Tesla to Open Some Superchargers to Rivals After U.S. EV Charging Network Rules

The Biden administration issued a long-awaited final rules on national electric vehicle (EV) charging network that require chargers to be built in the United States immediately and with 55% of their cost coming from domestically made components by 2024. The rules set a $7.5 billion federal funding for companies, which must also adopt the dominant U.S. standard for charging connectors, known as “Combined Charging System” (CCS) and use standardized payment options that are smartphone friendly. The administration’s target to give consumers unfettered access to the country’s network of EV charging stations will include Tesla’s SuperChargers. The EV maker will open part of its charging network to rival cars as part of the federal program.

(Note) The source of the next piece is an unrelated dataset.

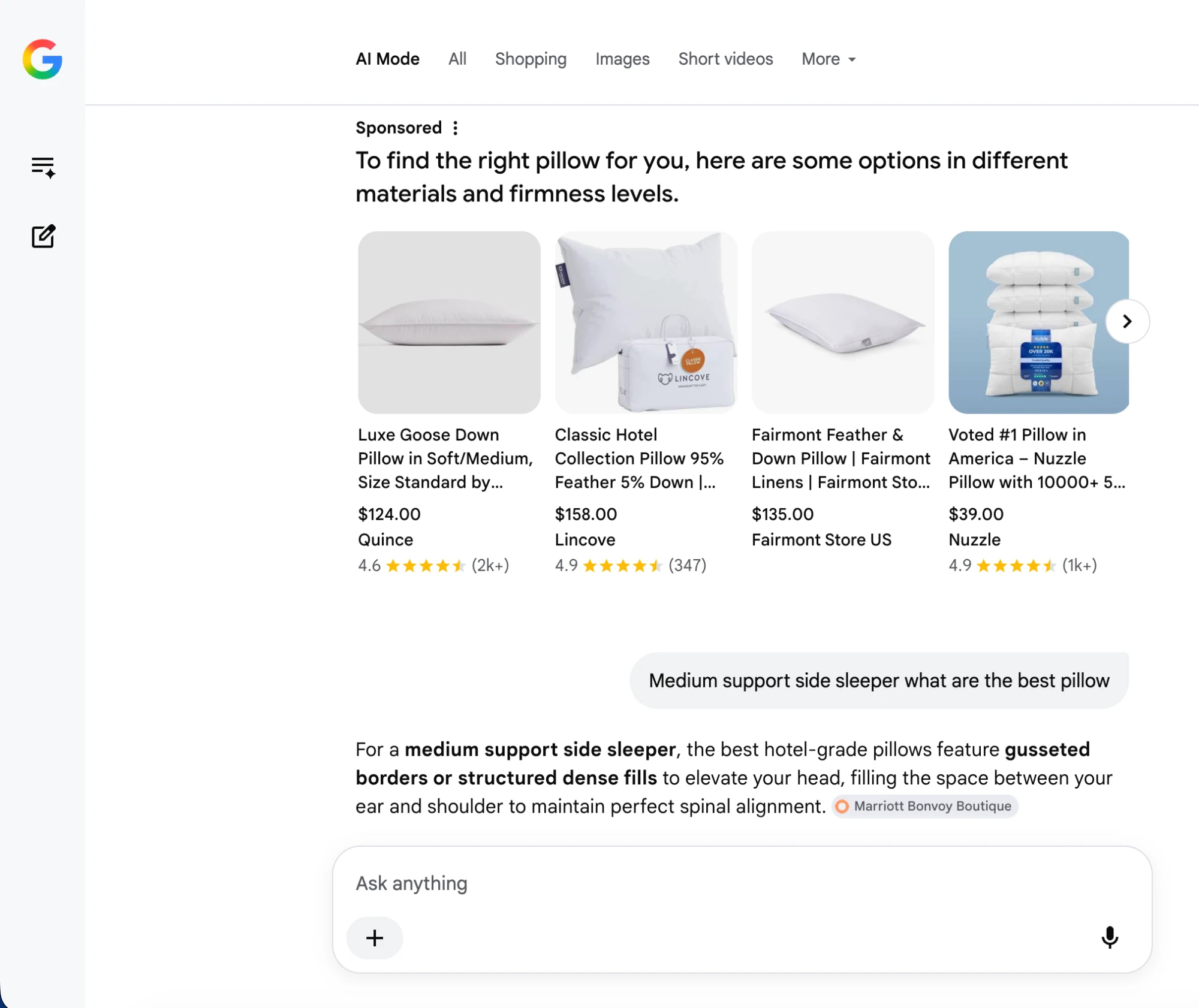 Google AI search showing pillow product recommendations with star ratings and review counts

While the move could turn Tesla into the universal charging station, it could also cause it to lose its competitive advantage as it has exclusive access to the biggest network of high-speed Superchargers in the U.S.

By late 2024, Tesla would open 3,500 new and existing Superchargers along highway corridors to non-Tesla customers. It would also offer 4,000 slower chargers at locations like hotels and restaurants.

Biden wrote on Twitter that the plan to open a “big part” of Tesla’s network to all drivers was a “big deal” and would “make a big difference.”

In response, Tesla Chief Executive Musk said, “Thank you, Tesla is happy to support other EVs via our Supercharger network.”

Tesla will be eligible for a subsidy, including retrofitting its existing vehicles, as long as it allows other vehicles using the CCS.

The administration said Tesla had not committed to adopting CCS as its standard, but it must comply with the requirements to qualify for federal funds.

Tesla has 17,711 Superchargers, accounting for about 60% of total U.S. fast chargers, which can add hundreds of miles of driving range in an hour or less. There are also nearly 10,000 “destination” chargers with Tesla plugs that can recharge a vehicle overnight.

Opening up access to Tesla’s network could be key for the Biden administration as it targets 500,000 EV charges across the country by 2030, up from 130,000 currently.

“Select Tesla Superchargers across the US will soon be open to all EVs” Tesla wrote on Twitter, without elaborating on when, where and how it would open its chargers. It had already planned to more than double its U.S. Supercharger network by the end of 2024.

Investors and U.S. EV owners have been waiting for action on chargers from Musk, who said in 2021 that the point of his charging network was “not to create a walled garden and use that to bludgeon our competitors.” Some of the company’s Superchargers in Europe and Australia have been open to non-Tesla EV owners since 2021.